SOS Children's Villages-USA EduCare Progra

SOS Children's Villages-USA EduCare Progra

An education program geared towards reducing the school drop out rate for youths in Ethiopia has received a $1.6 million dollar boost to help keep it going.

SOS Children’s Villages, the world’s largest organization dedicated to orphaned and abandoned children, announced that it received the grant from the Leona M. and Harry B. Helmsley Charitable Trust.

SOS Children’s Villages says the grant will fund EduCare, a program that provides services to raise grade-level completion rates for vulnerable children and their families in the city of Bahir Dar.

“Children in Ethiopia, as well as their families are still experiencing a large amount of poverty,” says Lynn Croneberger, chief executive officer of SOS Children’s Villages USA. “And when families are put in stressful situations, a lot of times the older children need to quit school and go to work and support their families,” she said.

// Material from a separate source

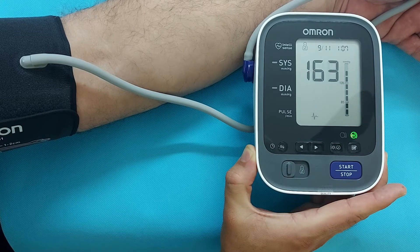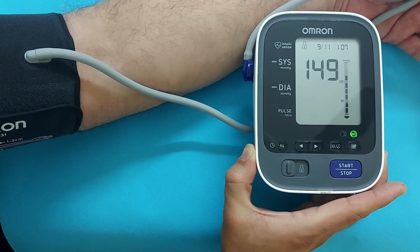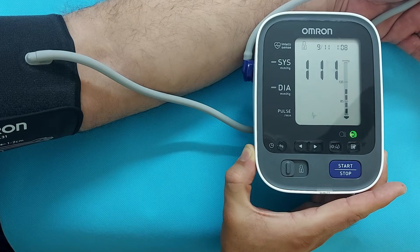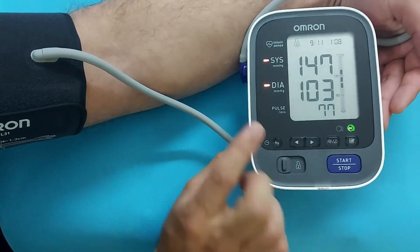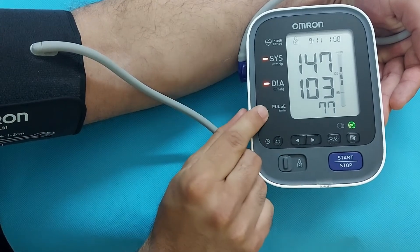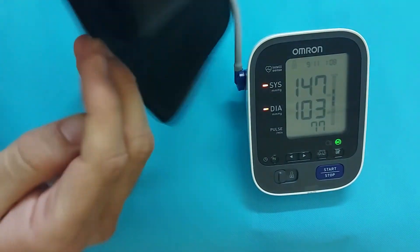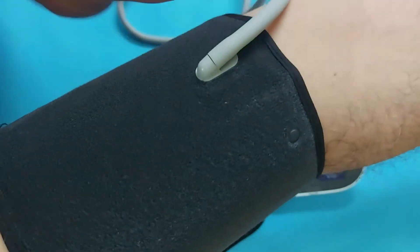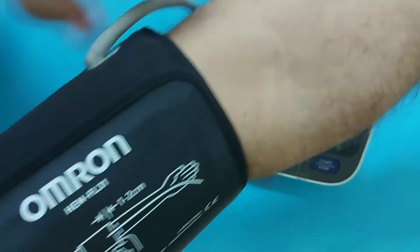The systolic blood pressure reading appears first, then the diastolic blood pressure, and the result is given within a minute, showing diastolic pressure and pulse rate. The blood pressure result shown here is high, but it doesn't mean there is a problem with the device. There are many factors that can cause elevated BP — watch my other video linked above to learn how to measure blood pressure properly and what factors to avoid.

The result is a large population of sibling or youth heads of households who take care of families.

“The families of vulnerable children and youth often times live in such extreme poverty that paying for school, uniforms and supplies is a luxury they cannot afford,” said Sahlemariam Abebe, national director of SOS Children’s Villages - Ethiopia.

Education instead of Exploitation

This financial strain forces children to forgo schooling in order to work and financially help their families,” said Sahlemariam. “Child labor – at its worst – can lead to prostitution and other forms of exploitation.”

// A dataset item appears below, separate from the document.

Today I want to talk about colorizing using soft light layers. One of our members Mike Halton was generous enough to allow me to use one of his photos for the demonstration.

Croneberger hopes their EduCare program will provide more resources to children at risk of dropping out of school as well as their parents and the community, so the children can stay in school.

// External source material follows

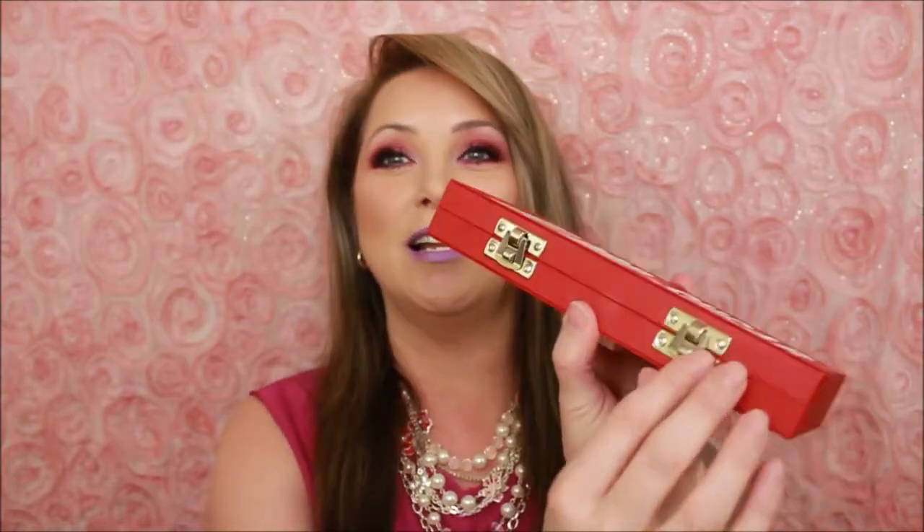Let's talk about the Jeffree Star palette for a little while. The presentation is absolutely the bomb. I love the little locks on it — how cute is that? Very cute and very secure. The palette sizes on here are smaller than his other previous palettes, but who cares? I got more colors with smaller pan sizes, and the pan sizes are still really big.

SOS Children’s Villages USA says Educare targets a thousand boys and girls, an estimated 400 caregivers and four partner schools. The funds will provide a stipend, and money for school supplies and food.

Most of the youths are between 13 and 16 years of age “so they’ve hopefully been through early education,” said Croneberger. “But now is the real risky time when they’re being looked at to provide an income for their families.”

Community schools will also receive support.

“A lot of these schools are also struggling so they don’t have a lot of money for the materials that they need for homework, for making it easier for kids to be able to study,” said Croneberger. “So we’ll be supporting the schools themselves as well. That obviously will benefit the community and be a resource for the community.”